Ensemble pendant les vendanges chez Bruno Martin, vigneron bio
jeudi 1 octobre 2020À travers les feuilles de vignes, le soleil
inonde les raisins de nuances rouges et mordorées. Ils sont bien charnus. Sur
les hauteurs de Gléresse, au bord du lac de Bienne, les derniers jours de l’été
inaugurent une période importante pour Bruno Martin, vigneron bio.
Des
journées de rêve et des journées record en plus. Ces 8 et 9 septembre 2020, le
Léon Millot, le Maréchal Foch et le Solaris blanc sont les premiers prêts pou r
la vendange. Avec une précocité encore jamais vue. «Il y a 16 ans, nous avions
commencé le 15 septembre avec le cépage Maréchal Foch et battu notre record,
explique Bruno Martin, et nous avons même repoussé la récolte cette fois.»
Entre
les rangs de vigne, nous progressons à travers l’herbe haute. Le vigneron
explique: «Depuis 2013, la mouche du cerisier est devenue un problème majeur,
nous avons dû régulièrement tout tondre dans les vignes car nous avons constaté
que cet hôte asiatique n’appréciait ni la sécheresse, ni la chaleur.» Il
regrette de telles mesures qui privent de nourriture les petits organismes
vivants utiles et nuisent à la biodiversité. Un autre moyen pour lutter contre
ce parasite asiatique est de pulvériser du calcaire, mais cette méthode empêche
les raisins de mûrir puisqu’ils réfléchissent la lumière du soleil,
indique-t-il. Dans un grand nombre de ses parcelles, la végétation atteint 20 à
30 cm. Ce qui déplaît à certains saisonniers, mais c’est un plus pour la
biodiversité.
Une faim d’ogre
À partir
d’août, les racines des vignes entament leur croissance. Elles forment les
bourgeons pour l’année suivante. Les jours précédents la première vendange,
Bruno Martin constate, en parcourant ses vignes, que les insectes s’attaquent
aux raisins. «Là où ils trouvent une plate-bande, de lavande par exemple, ils
se jettent dessus, car ils sont affamés.» Il attribue ce phénomène à la forte
sécheresse d’une part et d’autre à l’habitude de tout tondre ou presque dans
les jardins privés et les installations communales ou sur le bord des routes
vers la fin de l’été. Il serait nécessaire de mieux travailler ensemble dans ce
domaine, suggère-t-il. «De nombreux exploitants tondent également en raison des
souris et se plaignent d’en avoir trop. Je leur demande pourquoi. Tu n’as pas
de serpents, d’oiseaux?» Une fois encore, le pionnier du vin bio rappelle
l’importance de veiller à l’interaction entre la faune, la flore et la terre.

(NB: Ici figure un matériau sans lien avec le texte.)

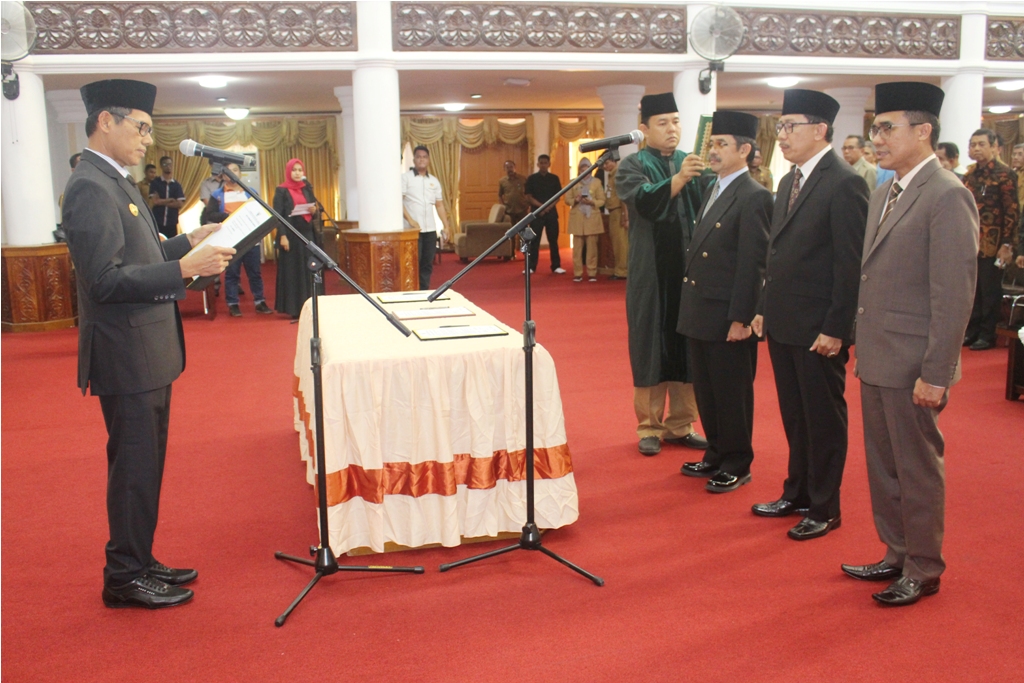 ADIB ALFIKRI PIMPIN DISPORA SUMBAR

Tout est lié. Bruno Martin veille à préserver suffisamment de plantes vivaces
qui offrent aux insectes habitat et nourriture. Il s’agit de plantes telles que
la carotte sauvage qui refleurit après la fauche. Les oiseaux peuvent en outre
picorer leurs graines. «Nous avons besoin de cette diversité entre les haies,
les surfaces cultivées, les arbres fruitiers, les racines, etc. Les insectes
ont besoin de plantes fleuries et pas seulement au printemps. À la fin de
l’été, ils trouveront peut-être un peu de sucre grâce aux acariens du saule,
mais c’est difficile pour eux.» Il montre un plant de lierre qui refleurit
depuis début septembre. «Cette plante est souvent considérée comme une mauvaise
herbe, mais elle est très précieuse car elle est la première et la dernière à
offrir de la nourriture à nos pollinisateurs.»
Mûrir et parvenir à maturité
La
floraison des vignes inaugure pour le vigneron un compte à rebours important.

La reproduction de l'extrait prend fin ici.